Register to get unlimited access to Citywire’s fund manager database. Registration is free and only takes a minute.

Everything advisers need to know about Mifid II

Mifid II will gold plate the original EU directive’s requirements, and financial advisers need to be clear which regulatory changes will affect firms the most, writes the Chartered Insurance Institute's director of policy and engagement.

Transaction costs

Mifid II will give advisers information about transaction costs, including broker commissions, stamp duty and ‘slippage costs’. Slippage costs are those customers incur as a result of the time that lapses between placing an order and fulfilling it.

During this time, all other things being equal, the price of the asset is likely to increase slightly when assets are being bought, and decrease slightly when assets are being sold. For funds that trade frequently, this cost drag is likely to be greater than funds that trade less frequently.

This information will be given to customers at the point of sale, and annually after the point of sale as a single figure. Under the Mifid II rules, asset managers will have to give customers a more detailed breakdown of transaction costs if they request one.

Some transaction costs, such as stamp duty and broker commissions are relatively easy to calculate, but others, such as slippage costs, have never been calculated before and require firms to compile historic data going back years.

The annual disclosure of charges in particular will be difficult to disclose because customers will have incurred different charges depending on when they went into and came out of a fund. Fund managers will have to calculate changes in transaction costs (perhaps on a daily basis) and then apply that to customers’ data to produce a personalised statement.

Fund managers do not like slippage costs, not just because they are laborious to calculate, but also because they contain a lot of irrelevant information about changes in the market that have nothing to do with the cost of investing, so much so that some slippage costs show up as a negative number. In other words they actually show up as a benefit to customers, not a cost.

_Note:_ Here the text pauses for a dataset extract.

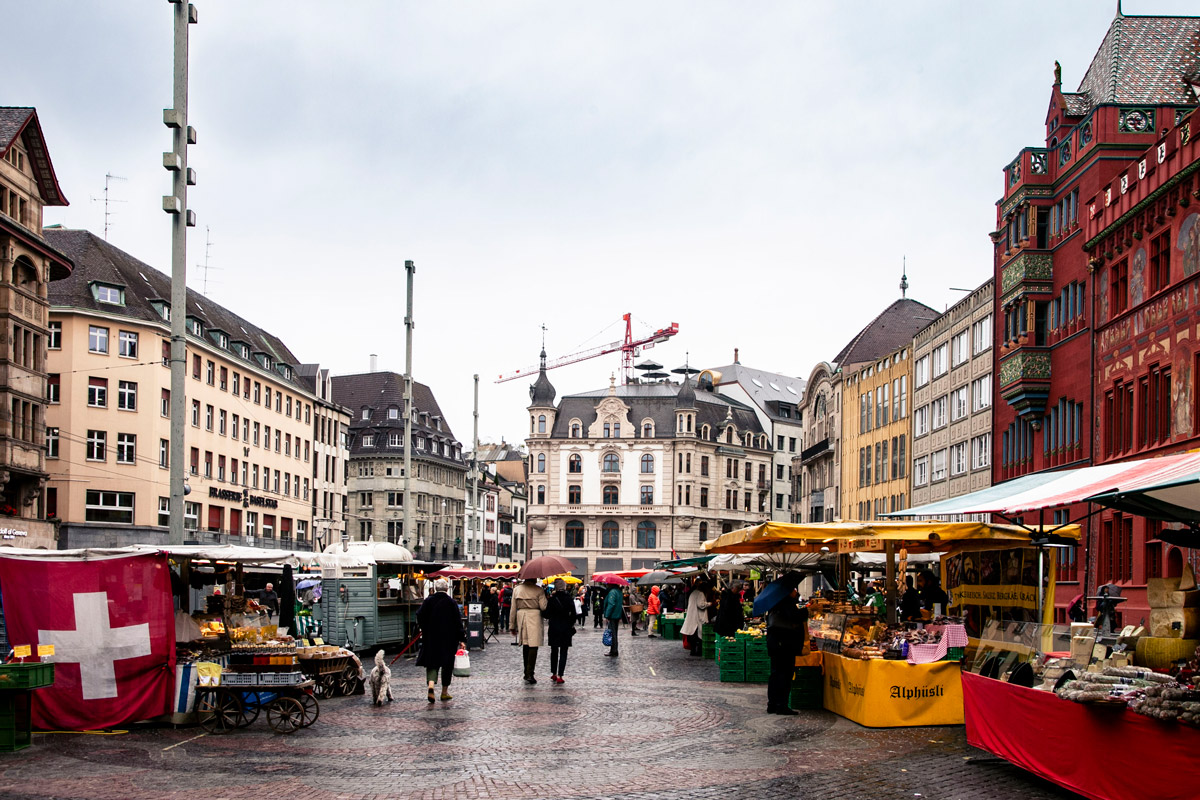 Marktplatz - Piazza del Mercato con bancarelle a Basilea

Fund managers have suggested that instead of slippage costs they should disclose spreads between buying and selling costs but the Financial Conduct Authority (FCA) is resisting this. It thinks fund managers will use different methods for calculating these spreads, which will not be comparable.

What it means for advisers

This will increase the information available to consumers, and enable advisers to make comparisons between different funds in a more detailed and insightful way. However, just because customers receive more information, they may not be able to use it, especially because transaction costs relate to processes that customers have never seen or experienced.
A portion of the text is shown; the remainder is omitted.